**** Material provided

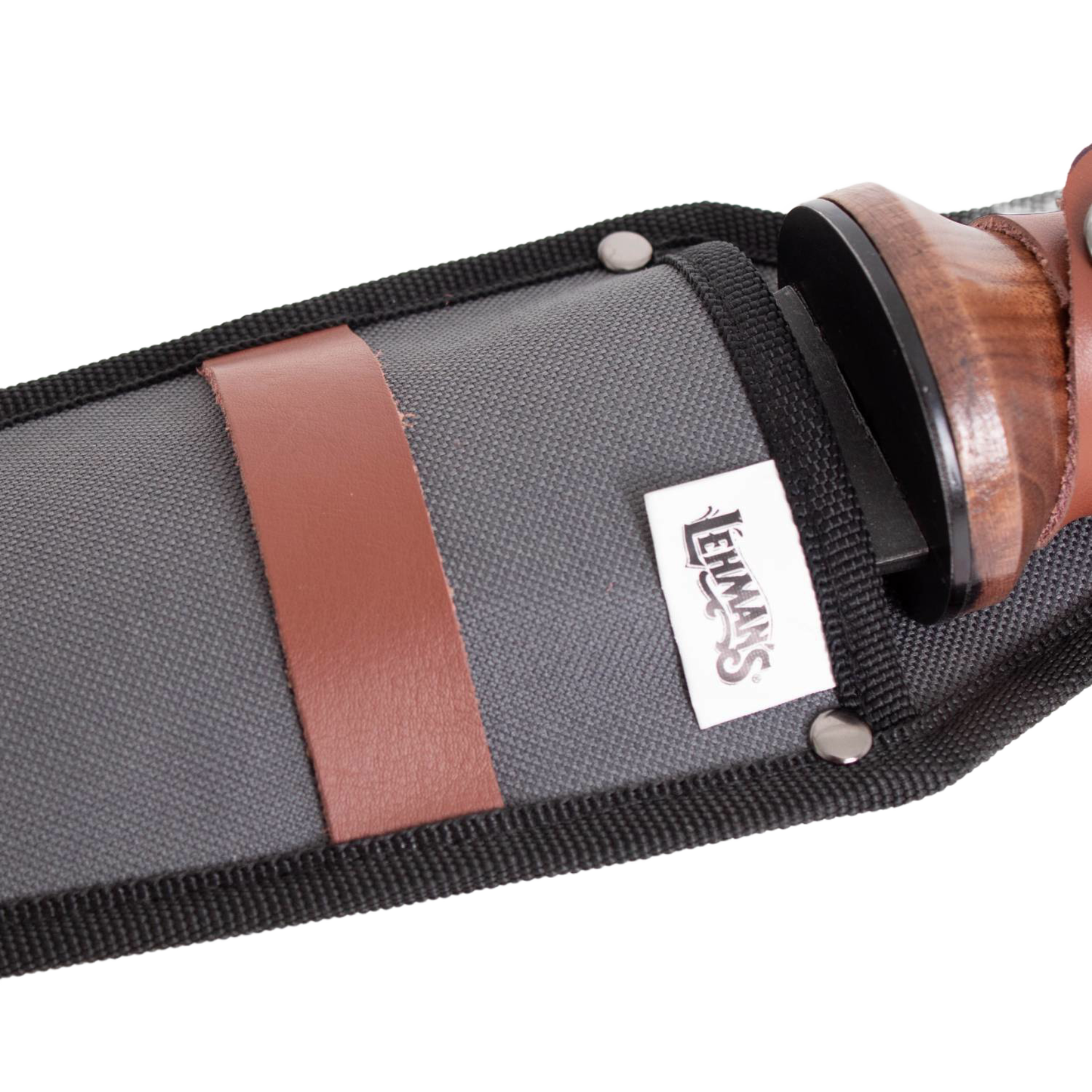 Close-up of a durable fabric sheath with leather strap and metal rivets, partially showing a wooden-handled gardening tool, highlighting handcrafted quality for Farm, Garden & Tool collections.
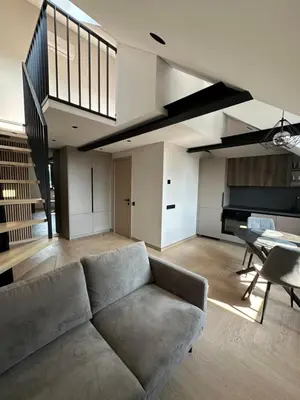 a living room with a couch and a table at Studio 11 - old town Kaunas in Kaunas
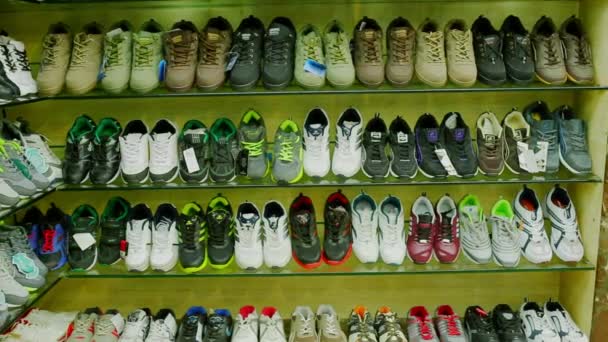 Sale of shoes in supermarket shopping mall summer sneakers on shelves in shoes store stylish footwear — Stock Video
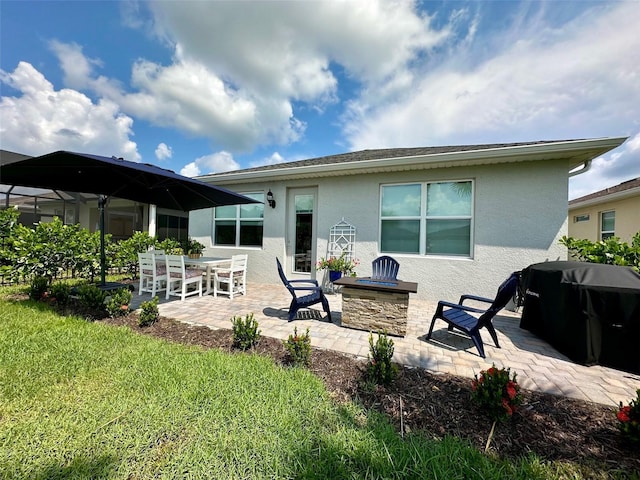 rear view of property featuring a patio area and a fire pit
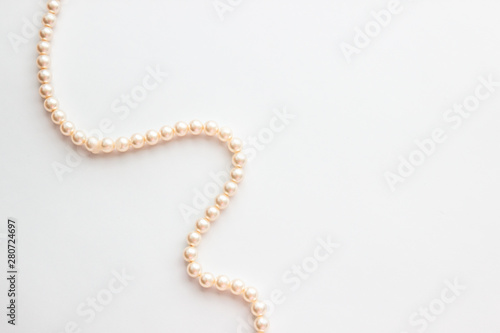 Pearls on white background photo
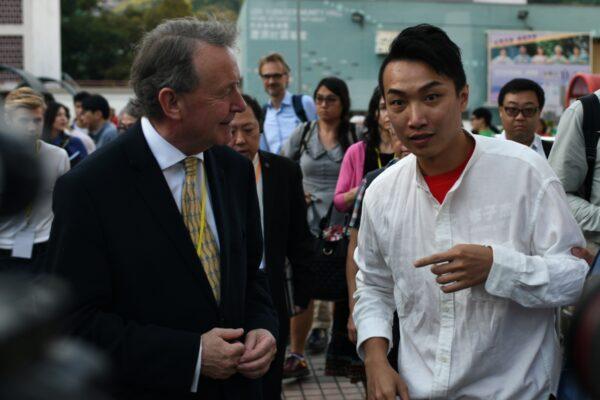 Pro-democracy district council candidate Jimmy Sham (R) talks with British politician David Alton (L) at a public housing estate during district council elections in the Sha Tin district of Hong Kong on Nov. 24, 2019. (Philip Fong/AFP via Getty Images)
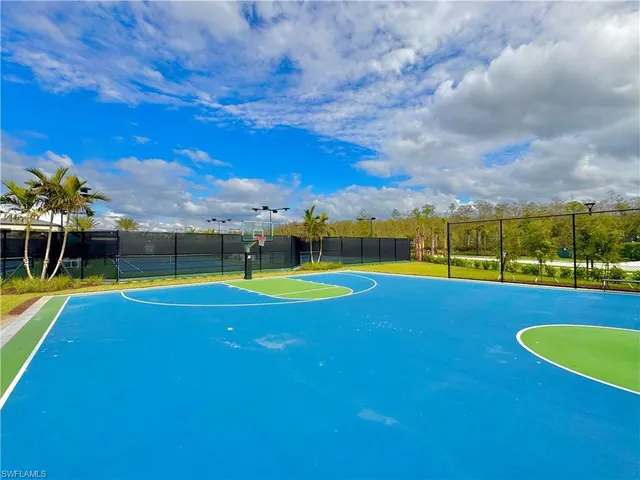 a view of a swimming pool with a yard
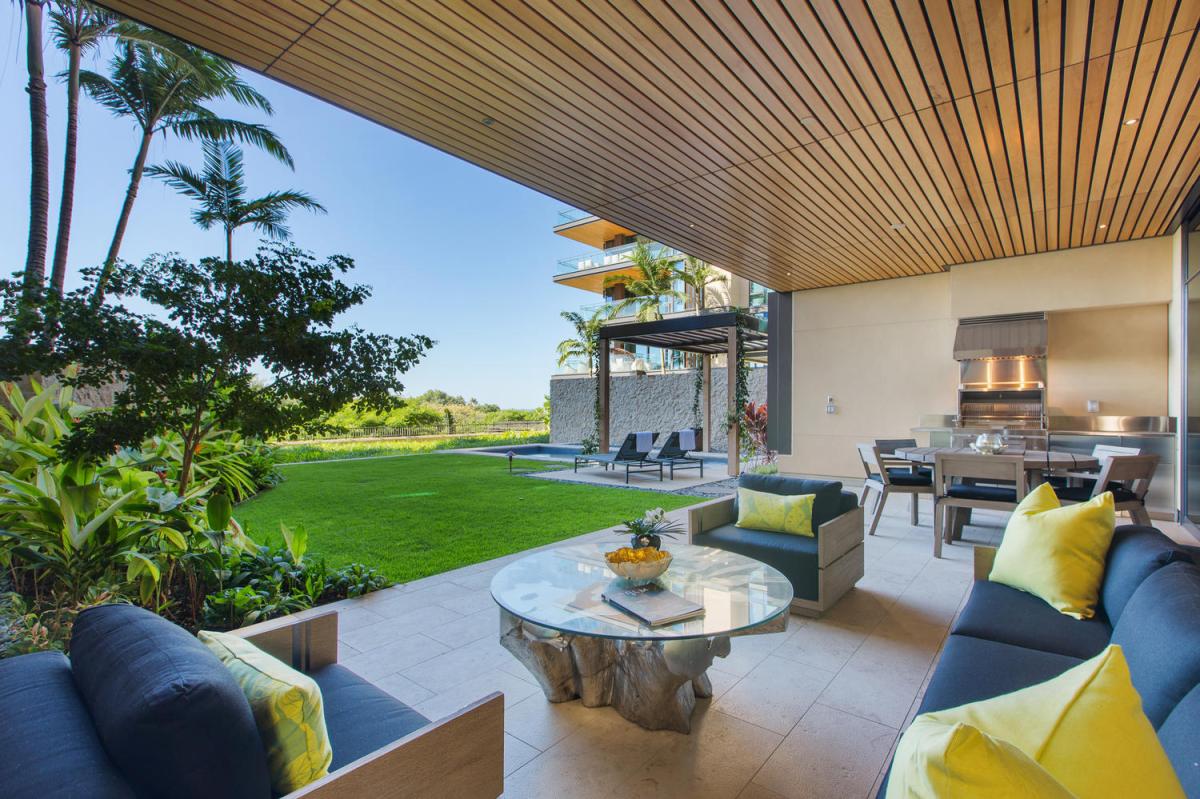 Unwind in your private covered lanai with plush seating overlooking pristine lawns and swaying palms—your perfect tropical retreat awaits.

********

In the listing, find the line containing "a view of a swimming pool with a yard" and repeat it and every later line through the last one, word for word, excluding the pictures.

— Exercise answer —
 a view of a swimming pool with a yard
 Unwind in your private covered lanai with plush seating overlooking pristine lawns and swaying palms—your perfect tropical retreat awaits.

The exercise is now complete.